:: DATA PROVIDED ::

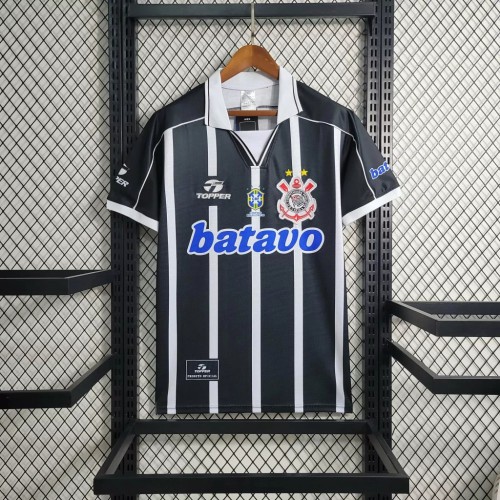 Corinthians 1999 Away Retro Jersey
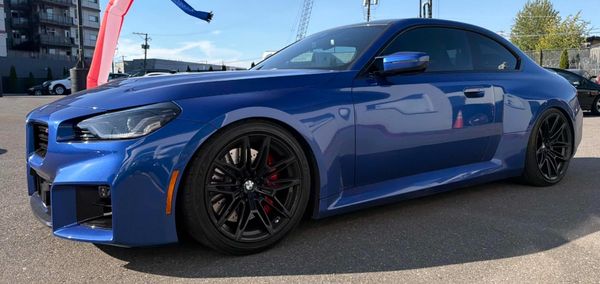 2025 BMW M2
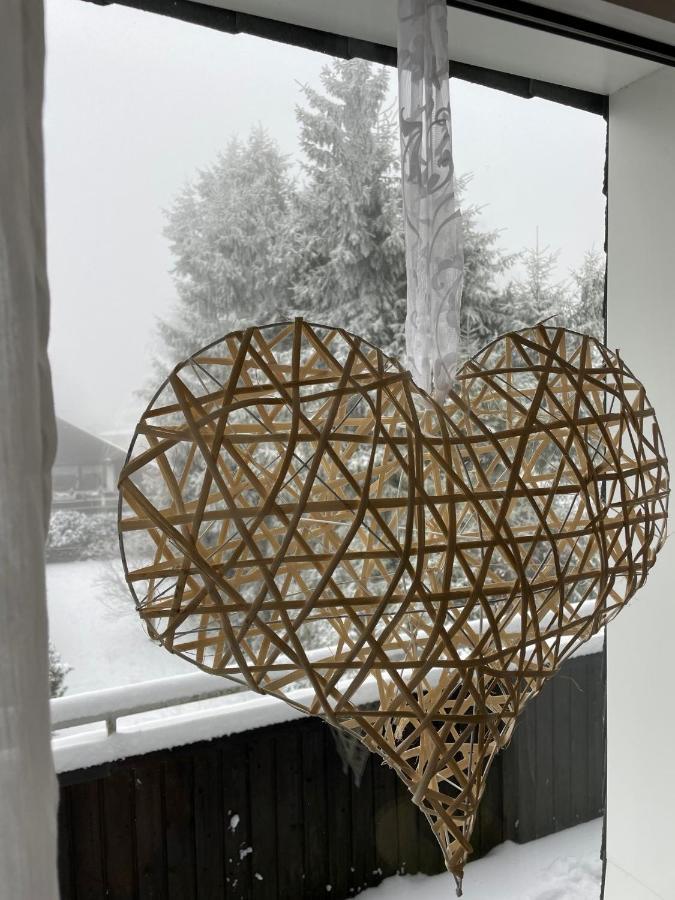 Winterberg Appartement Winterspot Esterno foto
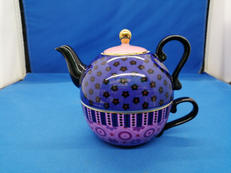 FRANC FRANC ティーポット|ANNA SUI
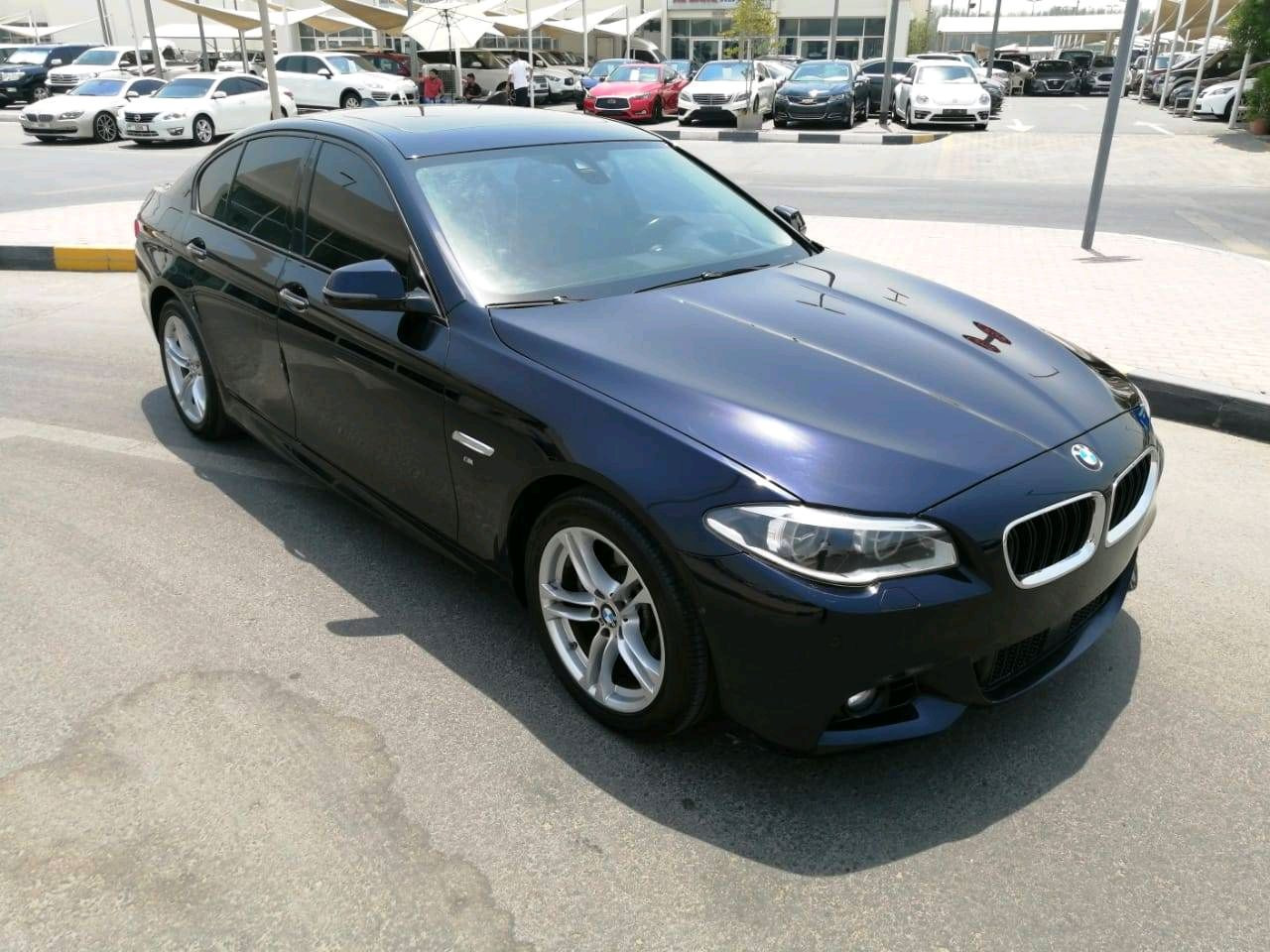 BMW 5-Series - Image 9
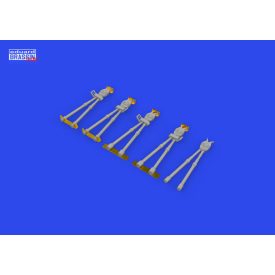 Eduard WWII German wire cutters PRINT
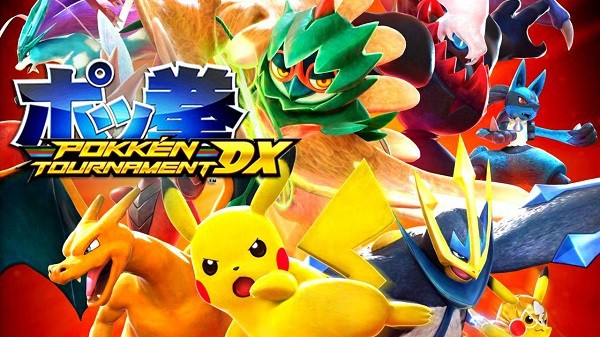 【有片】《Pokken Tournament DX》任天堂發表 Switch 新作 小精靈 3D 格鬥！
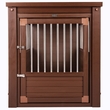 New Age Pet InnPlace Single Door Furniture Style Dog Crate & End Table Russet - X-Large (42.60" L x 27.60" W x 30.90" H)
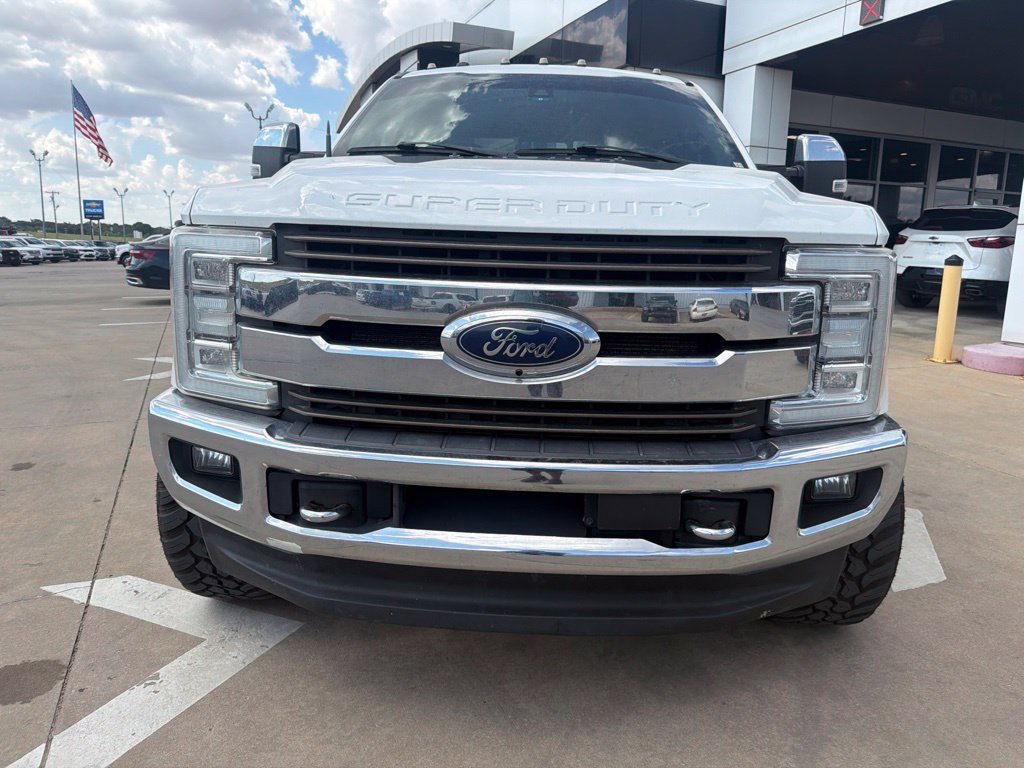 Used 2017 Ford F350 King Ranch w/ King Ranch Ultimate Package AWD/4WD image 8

:::

• **TASK STATEMENT**
Although the records above include pictures, the copy must contain only their exact text.

• **ANSWER FOR THIS EXERCISE**
 Corinthians 1999 Away Retro Jersey
 2025 BMW M2
 Winterberg Appartement Winterspot Esterno foto
 FRANC FRANC ティーポット|ANNA SUI
 BMW 5-Series - Image 9
 Eduard WWII German wire cutters PRINT
 【有片】《Pokken Tournament DX》任天堂發表 Switch 新作 小精靈 3D 格鬥！
 New Age Pet InnPlace Single Door Furniture Style Dog Crate & End Table Russet - X-Large (42.60" L x 27.60" W x 30.90" H)
 Used 2017 Ford F350 King Ranch w/ King Ranch Ultimate Package AWD/4WD image 8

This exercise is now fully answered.